Metadata Text Extractor

Extractor ID: metadata-text

Category: Text/Document Extractors

Overview

The metadata text extractor generates searchable text representations from catalog item metadata. Instead of processing file content, it creates small, stable text artifacts from titles and tags stored in the corpus catalog.

This extractor is designed for retrieval over non-text items like images, audio, or binary files where the metadata provides the primary semantic signal. It’s also useful for comparing retrieval backends while keeping extraction deterministic and stable.

Installation

No additional dependencies required. This extractor is part of the core Biblicus installation.

pip install biblicus

Supported Media Types

All media types are supported.

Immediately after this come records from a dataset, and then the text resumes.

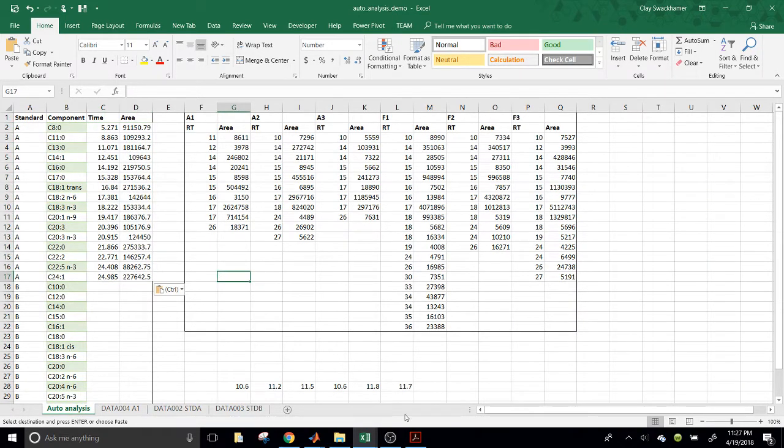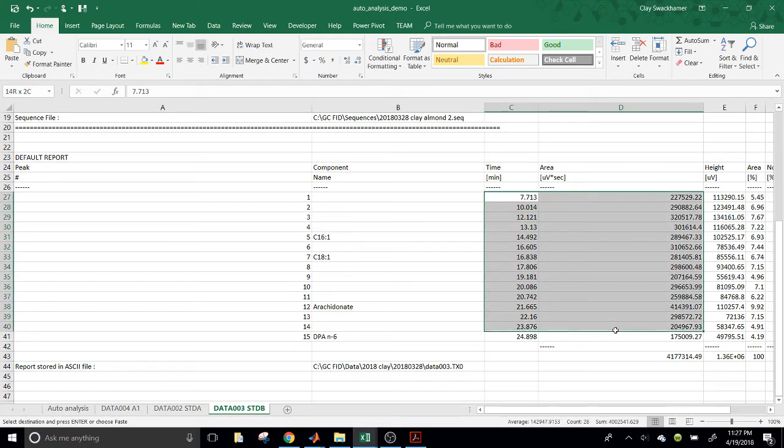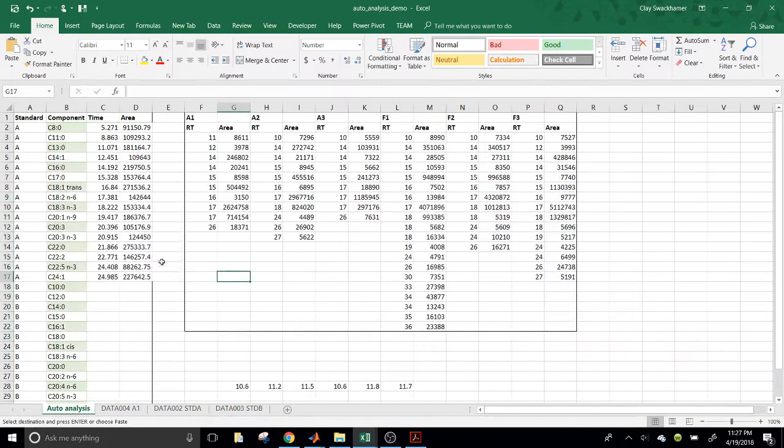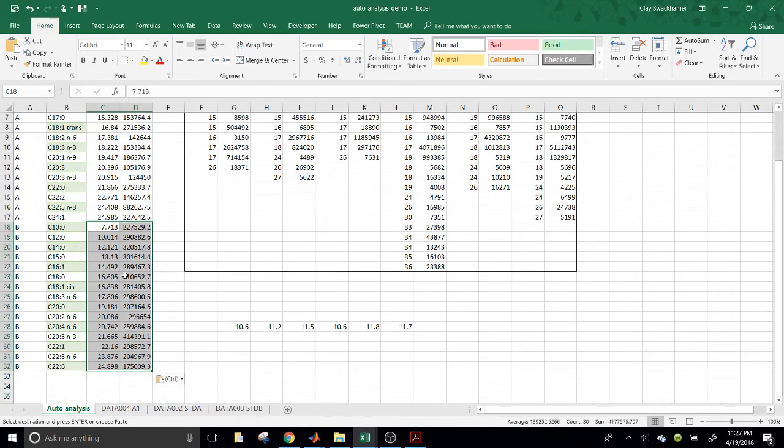Next, we may have, let's see, so we'll grab the one for standard B, too. Let's see if I get those times and areas, and they should fit right here.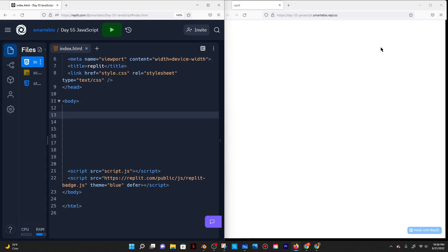Today is Wednesday, September 21st, 2022. It is also day 55 of JavaScript, and today I'm going to do a modal because I haven't done it in a few days, so I don't really want to forget. I'm going to practice it today.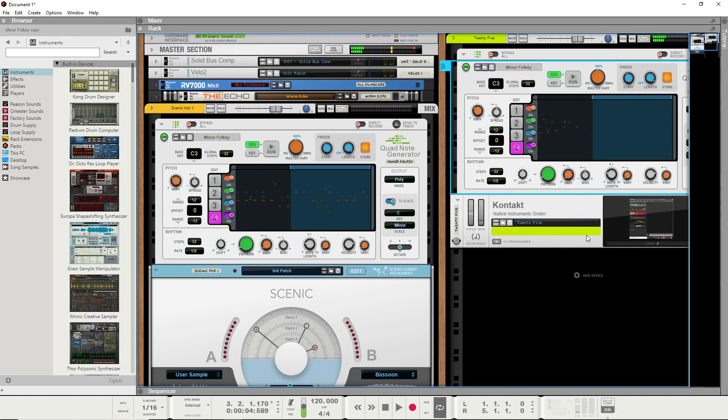So as you can see, as I was playing with the knobs, it would go from one sample to the other. You could pick multiple samples.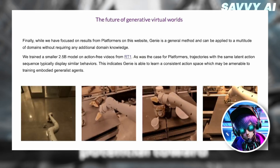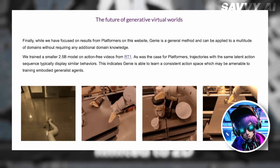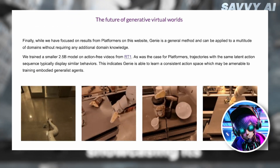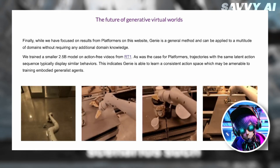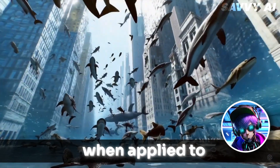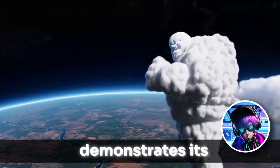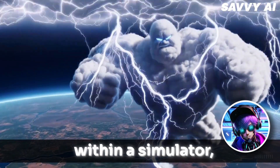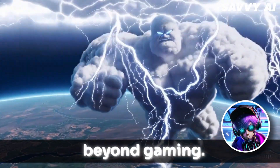Further emphasizing its potential toward AGI, Genie's architecture isn't limited to 2D environments, showcasing its applicability in more complex, real-world scenarios such as robotics. When applied to Google's robotics projects, Genie demonstrates its ability to learn and control actions within a simulator, hinting at broader applications beyond gaming.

The extractor processes any catalog item that has metadata (title or tags).

Configuration

Config Schema

class MetadataTextExtractorConfig(BaseModel):
    include_title: bool = True   # Include item title
    include_tags: bool = True    # Include tags line

Configuration Options

Option

Type

Default

Description

include_title

bool

true

Include the item title as the first line

include_tags

bool

true

Include a tags: ... line if tags exist

Usage

Command Line

Basic Usage

# Extract metadata as text
biblicus extract my-corpus --extractor metadata-text

Custom Configuration

# Only include titles, skip tags
biblicus extract my-corpus --extractor metadata-text \
  --config include_tags=false

Configuration File

extractor_id: metadata-text
config:
  include_title: true
  include_tags: true
biblicus extract my-corpus --configuration configuration.yml

Python API

from biblicus import Corpus

# Load corpus
corpus = Corpus.from_directory("my-corpus")

# Extract with defaults
results = corpus.extract_text(extractor_id="metadata-text")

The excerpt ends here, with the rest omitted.